Last Updated:Mar 11, 2026

In a canary release, weight-based routing randomly assigns each request to either the stable or canary version. The same user might see different versions across requests -- a poor experience when you test stateful features or collect feedback from specific user groups.

Traffic lanes combined with the Hash tagging plug-in solve this problem. Traffic lanes isolate service versions into independent runtime environments, and the Hash tagging plug-in deterministically maps each user to a lane based on a hash of their user ID. The same user always reaches the same version, and you control the exact percentage of users who see the canary.
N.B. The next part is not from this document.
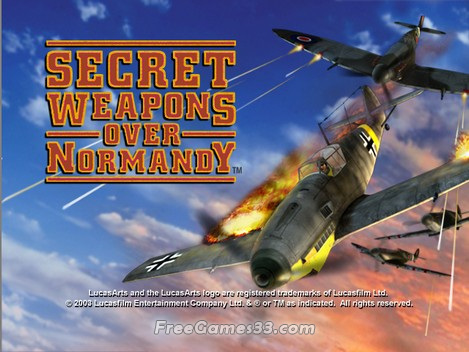 Secret Weapons Over Normandy Demo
This guide walks through a complete example:

  • Route a named user (jason) directly to the canary version.

  • Route a configurable percentage (20%) of all other users to the canary version based on a hash of the x-user-id header.

  • Keep the remaining 80% of users on the stable version.

How it works

Three components work together to implement user-segment canary release:

ComponentRole
Traffic lanes (configured in the ASM console)Isolate service versions into separate lanes. A baseline lane holds stable versions; a canary lane holds new versions. Requests stay within their assigned lane across the entire call chain.
VirtualService routing rulesMatch request headers at the ingress gateway and route traffic to the correct lane. A fallback rule sends traffic to the baseline lane when a service is missing from the canary lane.
Hash tagging plug-in (WasmPlugin)Runs at the ingress gateway. Hashes the x-user-id header value, maps the result to a percentage range, and sets a routing header (x-asm-prefer-tag) that the VirtualService rules consume.

The request flow works as follows:

  1. A request arrives at the ingress gateway with an x-user-id header.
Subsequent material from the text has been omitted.